**** RECORDS ****

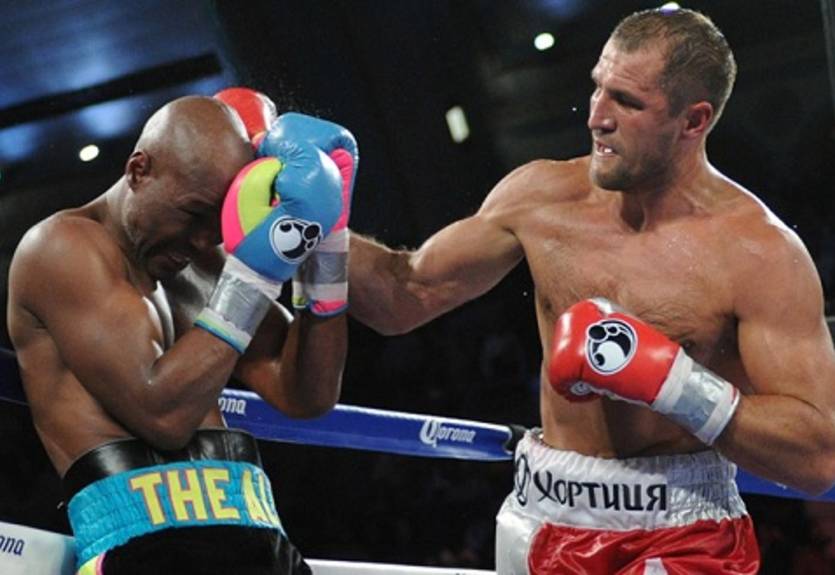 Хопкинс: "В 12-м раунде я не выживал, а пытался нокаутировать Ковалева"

****
**** RECORDS ****

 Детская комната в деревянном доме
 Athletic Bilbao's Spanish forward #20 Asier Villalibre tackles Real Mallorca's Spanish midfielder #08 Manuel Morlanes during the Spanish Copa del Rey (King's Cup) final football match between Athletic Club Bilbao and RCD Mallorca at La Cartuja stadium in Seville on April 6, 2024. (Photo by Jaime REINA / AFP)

****

From the records above, print only the lines between the one holding "Детская комната в деревянном доме" and the one holding "Athletic Bilbao's Spanish", inclusive, exactly as they stand.

 Детская комната в деревянном доме
 Athletic Bilbao's Spanish forward #20 Asier Villalibre tackles Real Mallorca's Spanish midfielder #08 Manuel Morlanes during the Spanish Copa del Rey (King's Cup) final football match between Athletic Club Bilbao and RCD Mallorca at La Cartuja stadium in Seville on April 6, 2024. (Photo by Jaime REINA / AFP)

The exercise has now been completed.